Net loss decreased by $37.7 million for the first quarter of fiscal year 2014 as compared to the first quarter of fiscal year 2013. This is primarily due to the recognition of a $65.0 million loss on extinguishment of debt recorded during the first quarter of fiscal year 2014 related to financing transactions completed in that quarter. In addition, interest expense decreased by $11.1 million in the first quarter of fiscal year 2014 as compared to the first quarter of fiscal year 2013 due to the Company’s amendment of its credit facilities during fiscal year 2013 to lower its stated interest rates on these debt instruments, in addition to quarterly principal payments on the Company’s term loan facility reducing its outstanding debt obligations. Further, transaction costs associated with acquisition-related activities were $10.8 million higher in the first quarter of fiscal year 2013 than in the first quarter of fiscal year 2014. Finally, revenue increased by $32.8 million for the first quarter of fiscal year 2014 as compared to the same period in fiscal year 2013 due to the Company’s fiscal year 2013 and 2014 acquisitions and organic growth. These were offset by income tax expense recorded in the first fiscal quarter of 2014 for $8.5 million as compared to an income tax benefit of $36.6 million recorded for the first quarter of fiscal year 2013. There was also a $32.2 million increase in stock-based compensation expense due to common unit grants issued and vested during fiscal year 2013 and 2014 and the re-measurement at fair value of the vested common units.

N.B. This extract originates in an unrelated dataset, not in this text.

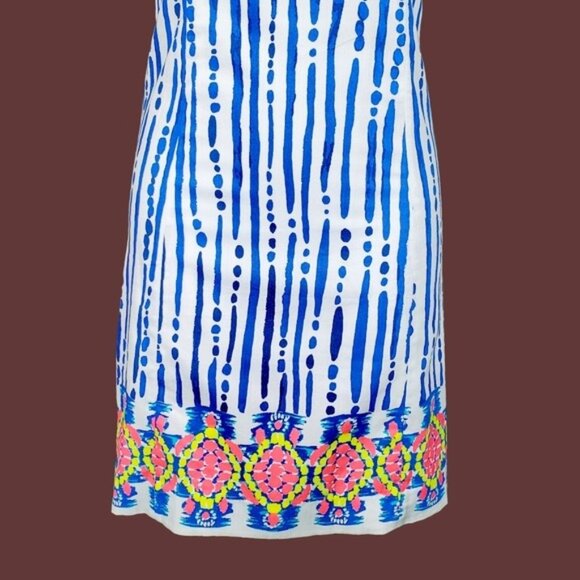 Lilly Pulitzer Womens Sleeveless Blue Bay Stripe Iveigh Mini Shift Dress Size 2 - Picture 3 of 7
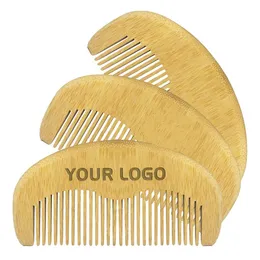 Saç Fırçası Tarak Özel Logo Çevre Dostu Bambu Kıllar / Sakal Tarak Anti Statik Taşınabilir Cep Doğal Erkekler Kadınlar için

Adjusted EBITDA increased $31.0 million as compared to the first quarter of fiscal year 2013, due to the Adjusted EBITDA contribution from the fiscal year 2013 acquisitions, synergies realized and organic revenue growth.
Zayo Group will hold a conference call to report fiscal year first quarter 2014 results at 11:00 a.m. EST, November 8, 2013. The dial in number for the call is (800) 736-4610. A live webcast of the call can be found in the investor relations section of Zayo’s website or can be accessed directly at https://cc.readytalk.com/r/ebbz1nojtm5l. During the call, the Company will review an earnings supplement presentation that summarizes the financial results of the quarter, which can be found at http://www.zayo.com/financial-earnings-release.
About Zayo Group
Based in Boulder, Colorado, privately owned Zayo Group (www.zayo.com) is a provider of fiber-based bandwidth infrastructure and network-neutral colocation and connectivity services. Zayo Group is organized into autonomous operating segments supporting customers who require lit and dark fiber services and carrier-neutral colocation. Zayo Group’s business units provide these services over international, national, regional, metro and fiber-to-the-tower networks.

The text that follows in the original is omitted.